Friday, March 30, 2012

Wednesday, December 28, 2011

Saturday, March 26, 2011

This Just Isn't Cricket

This just isn’t cricket

Anyone But India

Kapil's Shin Bhajji's Clout 

 

How my heart goes out to Amrit Mathur, my old jogging mate at South Delhi’s Siri Fort Sports Complex. The hugely popular spokesman of the BCCI must feel like one of those soldiers in Kargil, pressing up the hill without proper shoes, clothing, weaponry. You see him on your television screens, on the front pages, so earnestly checking out Pakistan’s cricket grounds if they will be safe for his team this March. And he does it all with bare hands. No sniffer dog, mine detector, Geiger counter, whatever. He would have to be a brave man to come back and now say that he finds the security arrangements adequate.
It is about time we got a bit serious on this, because cricket is serious business. Either we want to go and play in Pakistan this spring, or we don’t, either way, let’s decide only on cricketing reasons. If we do, we should place our trust in Pakistani security, pray for good luck off, and on, the field, and carry on. If for whatever reason — tired players, tight itinerary and, most ludicrous of all, the likely effect of a bad performance on the precious feel-good factor — we don’t, we should be honest about it and say a quick no. We know that this is a government of security junkies. But to use security as an excuse for not playing cricket in Pakistan when our prime minister was not shy of spending the better part of a week there two months earlier would convince no one. It would make us look like a nation of wafflers, our cricketers like a bunch of wimps and our diplomacy wishy washy. Who is to guarantee, then, that the security situation in Pakistan would get better by May, the month now being suggested for a post-election series? Unless, indeed, the argument is that then the snows begin to melt and so all the bad guys would be sprinting across the LoC and getting busy with their own fun and games in the Valley.
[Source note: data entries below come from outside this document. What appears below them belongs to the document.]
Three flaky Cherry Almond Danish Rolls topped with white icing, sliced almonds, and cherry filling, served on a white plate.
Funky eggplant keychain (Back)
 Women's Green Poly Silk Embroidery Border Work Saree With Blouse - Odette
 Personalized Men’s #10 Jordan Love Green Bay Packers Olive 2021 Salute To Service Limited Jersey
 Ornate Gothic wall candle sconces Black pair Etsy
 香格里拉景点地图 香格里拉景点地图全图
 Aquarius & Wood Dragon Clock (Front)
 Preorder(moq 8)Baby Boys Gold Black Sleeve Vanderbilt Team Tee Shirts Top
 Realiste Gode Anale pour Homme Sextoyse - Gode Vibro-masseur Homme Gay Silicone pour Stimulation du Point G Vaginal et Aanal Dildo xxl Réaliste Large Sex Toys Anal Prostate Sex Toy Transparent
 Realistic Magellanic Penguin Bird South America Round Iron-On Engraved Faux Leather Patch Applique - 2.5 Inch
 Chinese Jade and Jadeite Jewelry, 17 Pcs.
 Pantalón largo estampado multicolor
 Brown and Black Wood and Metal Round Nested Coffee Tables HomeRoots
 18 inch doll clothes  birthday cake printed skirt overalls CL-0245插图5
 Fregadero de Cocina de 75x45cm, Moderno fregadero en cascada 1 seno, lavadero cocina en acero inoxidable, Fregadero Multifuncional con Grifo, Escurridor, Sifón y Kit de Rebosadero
Over the years, besides the perils they face on the field, India’s cricketers have had to live with a scourge unique to their country: the mixing of cricket with diplomacy, of being used as pawns in foreign policy. This takes away the focus and concentration which our players must have while confronting the opposition in such keenly fought engagements. This also clouds our judgement. In 1978, Morarji Desai’s government decided to signal a thaw with Zia’s Pakistan by sending a team under Bishen Bedi there. You ask any member of that team and they will tell you of the pressures this additional diplomatic responsibility brought them under. They had to constantly look and behave like good guys, stay locked up in their rooms, with social outings entirely curtailed, and had to swallow the most horrendous umpiring decisions with straight faces.
The only one not to be weighed down was late Lala Amarnath but he was not on the field but in the commentators’ box while two of his sons played for India. He gave all diplomatic restraint a go the moment Mohinder was given out in his nineties, caught in the slips when his bat was hidden well behind his pads. Asked by his Pakistani co-commentator to speak about the decision, Lala said, sorry, "I will not comment on that decision because (and then he paused for a long while) because Mohinder is my son." Many years ago, I reminded Lala of this slip-up and he said, of course, it was okay, it was such a lousy decision. Except that he was pulled up by three different officers from the Indian mission, besides by "the high-ups in Delhi". Then he added in a manner so typically forthright of him: "They would never leave it to us cricketers to find an answer to the Kashmir issue. Then why must they tell us how to play the game so their bloody friendship business is not affected?"
My recollection of this conversation is pretty good, except that I have been careful to translate some of Lala’s Punjabi into more diplomatic English. And he had a point. A modern-day cricket series is hard ball. You cannot mix it up with the subtle, cynical needs of diplomacy. You play the game the hard way,to win, are angry when you lose, jubilant when you win. Don’t confuse all this with the niceties of diplomacy. God knows we take our cricket much too seriously in these parts but you still don’t want to carry the additional burden of knowing that your larger national interest hangs by the slender thread of your performance on, and off the field. Other Indian cricketers have felt similarly weighed down on other occasions. Ask Kapil Dev. He is too much of a nice guy to say this but had the 1992-93 series in South Africa not been billed as Friendship Series, loaded with the baggage of bringing the first opening to post-apartheid South Africa, would he have taken that infamous knock in his shin from Kepler Wessels’ bat with such equanimity? Imran Khan once said to me that to him that one single incident confirmed that Kapil was, deep down, a wimp. But if Kapil tells you the truth, he was also probably weighed under the responsibility of keeping the "friendship" spirit of that series alive.
In the 1982-83 series in Pakistan once again the team was being beaten, bored, confined to their hotel rooms and homesick as hell. The umpiring was, well, nothing unusual, crowds wanted your blood, and no social outings except stiff official receptions. One of the all-time great stories of Indian cricket folklore goes something like this. Both teams, in their blazers and ties, had been lined up to be introduced to General Zia at his official reception. He had done his homework. He knew that one of the Indians had missed the match India had just lost probably because of a pulled hamstring. As he shook hands with the player, Zia said something like, Hullo, how is your leg? The story goes that unable to take the farce any longer, the player looked the general mischievously in the eye and said, "Hairy."
I don’t know if this Indian team has somebody with that kind of wit, or cheek. But if you asked them, they will tell you to keep politics out of their lives and let them get on with the game. It is good enough for them that the government has decided there is no ban on India playing Pakistan in Pakistan. The rest, where they play, when, the itinerary, the details should be left to the world of cricket.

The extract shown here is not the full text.